By Naresh Puri
BBC News home affairs
A British man who disappeared in Syria for three months says he was kidnapped and forced to confess he was a terrorist preparing to go to Iraq.
Jerome Hibell: Disappeared for three months
Jerome Hibell, 25, moved to Damascus with his wife and child after converting to Islam.
He says he was seized in December last year, beaten and kept in a tiny cell with no light for a month.
The Syrian authorities have refused to comment - and Mr Hibell has called on the British government to intervene.
Mr Hibell moved to the Middle East in 2005 to study Arabic at Damascus University.
In an interview with the BBC, Mr Hibell, said he was seized by the authorities on 20 December 2006 and subjected to brutal treatment over 14 weeks.
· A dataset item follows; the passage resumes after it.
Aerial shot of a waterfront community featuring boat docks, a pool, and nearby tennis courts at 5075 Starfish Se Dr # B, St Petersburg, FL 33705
He says he was buying his wife Fazia a present for Eid, a religious festival, when six men pounced.
"They punched and kicked me and [asked] where's the money and the weapons," Mr Hibell told the BBC. "I was thrown into the back of a van which had its windows blacked out."
Mr Hibell says he was blindfolded and taken to what appeared to be a military base.
He says he was stripped naked, given a dirty military uniform and detained in a cell like "an underground tomb".
"The cell was one metre wide and two metres long," he said. "It was complete darkness for a month, I had no light, no mattress, nothing."
He said that for the first seven days he was interrogated by two men who slapped and punched him and beat the soles of his feet with electric cable.
He said: "They wanted me to admit that I was an extremist and wanted to go to Iraq".
Meanwhile his wife Fazia had no idea what had happened.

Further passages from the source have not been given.